→ **Records supplied**:
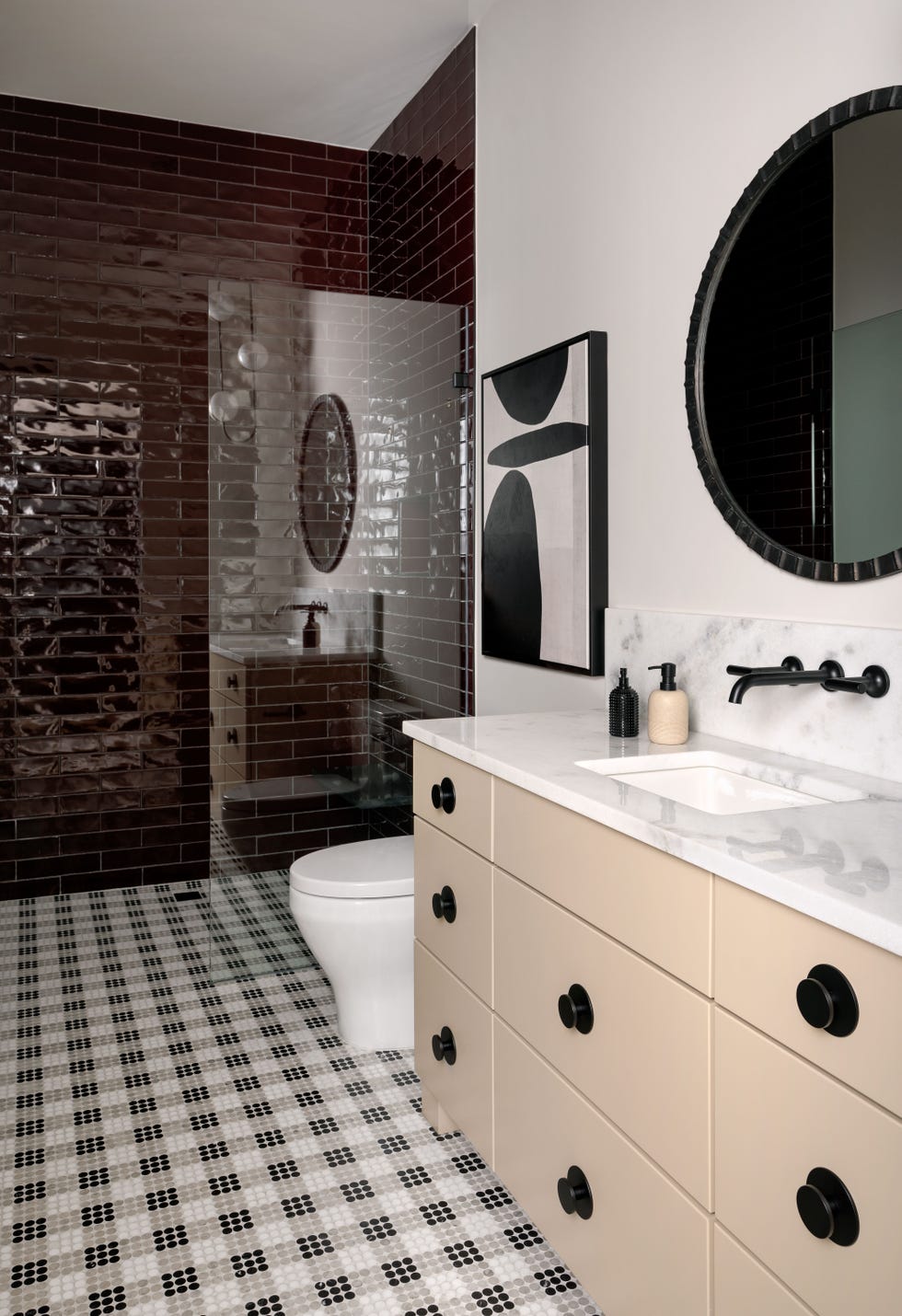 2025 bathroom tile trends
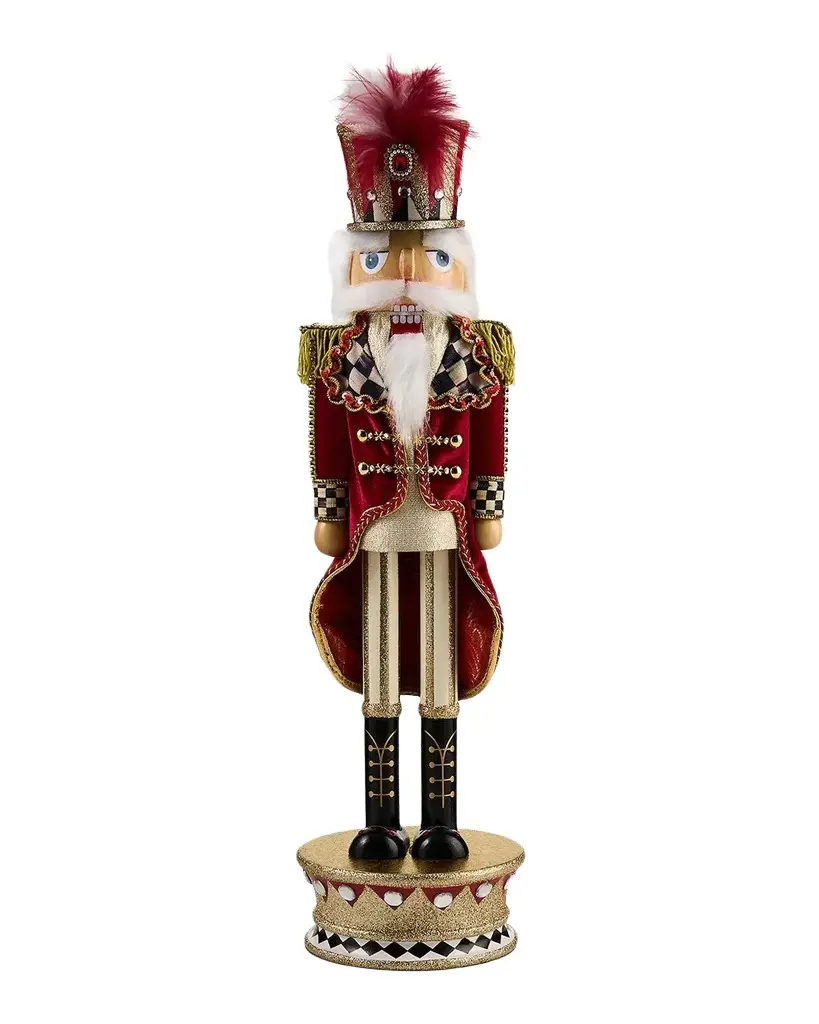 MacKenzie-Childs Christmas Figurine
==
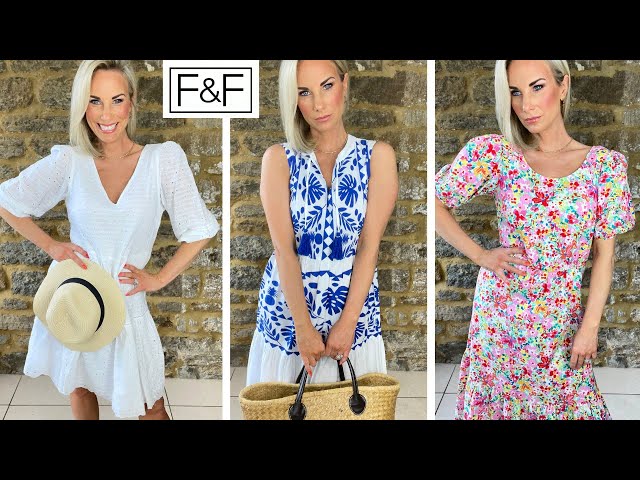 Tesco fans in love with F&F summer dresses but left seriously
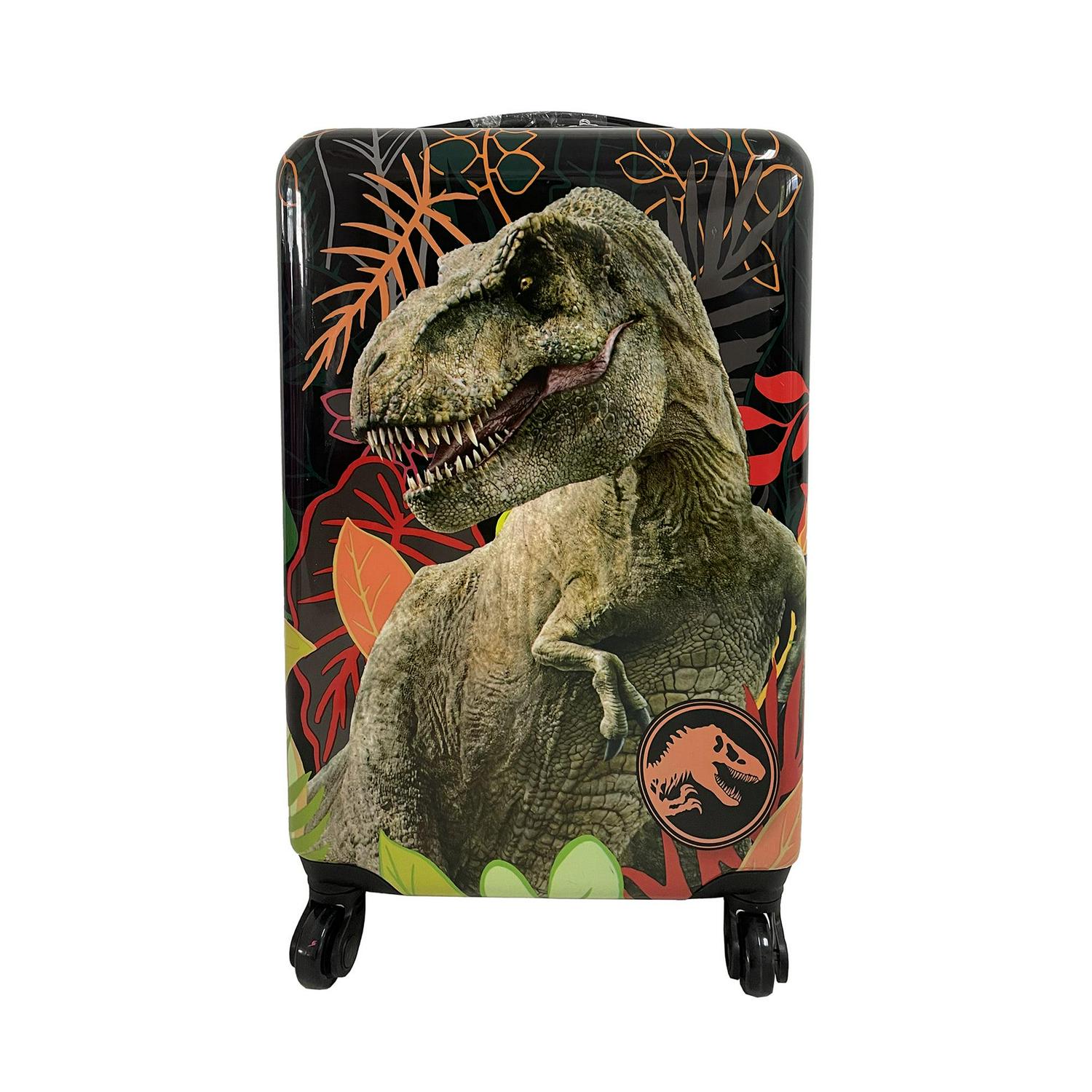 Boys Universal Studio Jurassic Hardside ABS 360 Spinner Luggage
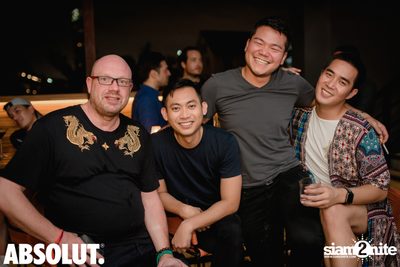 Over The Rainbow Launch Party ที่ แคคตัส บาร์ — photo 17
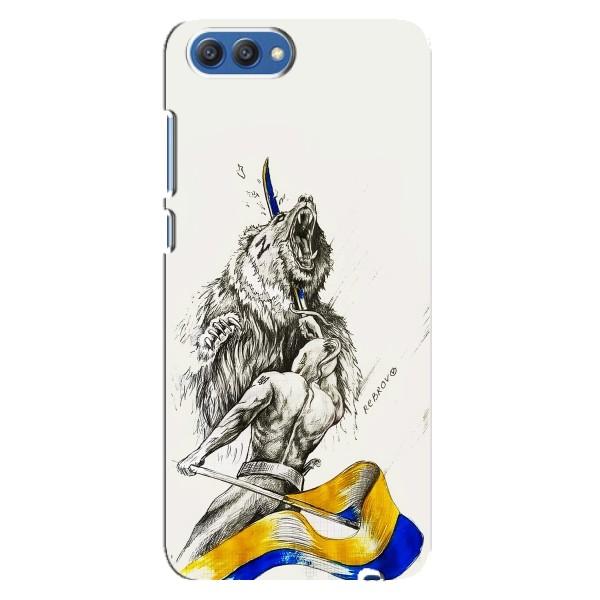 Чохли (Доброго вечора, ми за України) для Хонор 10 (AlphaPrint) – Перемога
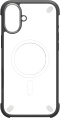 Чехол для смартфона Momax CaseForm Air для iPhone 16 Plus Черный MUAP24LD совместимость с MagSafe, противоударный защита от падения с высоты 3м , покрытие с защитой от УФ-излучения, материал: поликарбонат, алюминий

→ **Exercise**:
Exercise for the records above: copy only the lines from the one with "Over The Rainbow" to the one with "Чехол для смартфона", both ends kept, and drop the pictures.

→ **Exercise result**:
 Over The Rainbow Launch Party ที่ แคคตัส บาร์ — photo 17
 Чохли (Доброго вечора, ми за України) для Хонор 10 (AlphaPrint) – Перемога
 Чехол для смартфона Momax CaseForm Air для iPhone 16 Plus Черный MUAP24LD совместимость с MagSafe, противоударный защита от падения с высоты 3м , покрытие с защитой от УФ-излучения, материал: поликарбонат, алюминий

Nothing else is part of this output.